Kommentar |
Der systematische Ausschluss jüdischer Denker_innen und jüdischen Denkens aus den Universitäten in Deutschland, der sich institutionell in Form des Antisemitismusstreits an der Berliner Universität (1879–1881) manifestierte, hat sich gewissermaßen durch die Ironie der Geschichte in einen Segen verwandelt. Da man nicht für die nationale Mehrheit „taugte“ und marginalisiert war, entstand parallel eine kreative Bewegung alternativen Wissens. Aus dieser gingen einige der bedeutendsten Beiträge der als deutsche Geistesgeschichte gültige Kanon hervor – sowie ein großer Teil des theoretischen Backgrounds des Faches Kulturwissenschaft.
Diese Geschichte der Kulturwissenschaft ist eine der Grenzgängerin, des Marginalen, der Spuren, der Ausnahmen und Details, der Indizien und Mikrogeschichte. Auch des anderen Denkens, der Isolation, der Verbrennung und des Exils, des Zuhörens des Echos der Vergangenheit sowie des elliptischen Verstehens von etwas, das nicht da, aber trotzdem spürbar ist.

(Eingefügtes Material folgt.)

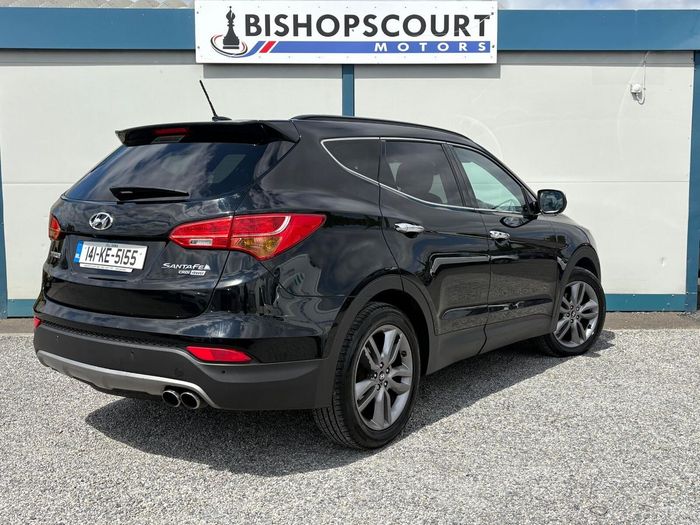 Hyundai Santa Fe 2014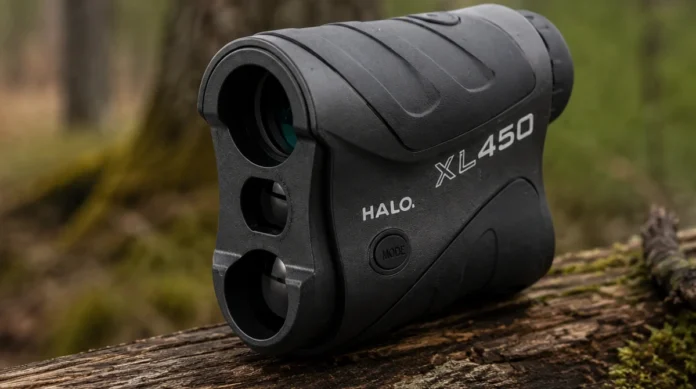 Halo Optics XL450 etäisyysmittari arvostelu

Das Seminar wird Klassiker_innen der Kulturwissenschaft (u.a. Sigmund Freud, Georg Simmel, Aby Warburg, Walter Benjamin, Vilém Flusser, Hannah Arendt) in Hinblick auf „ihr“ Judentum, ihre Biographien und ihr Denken deuten – um dadurch einen erinnernden und unerwarteten Blick auf das Fach vorzuschlagen.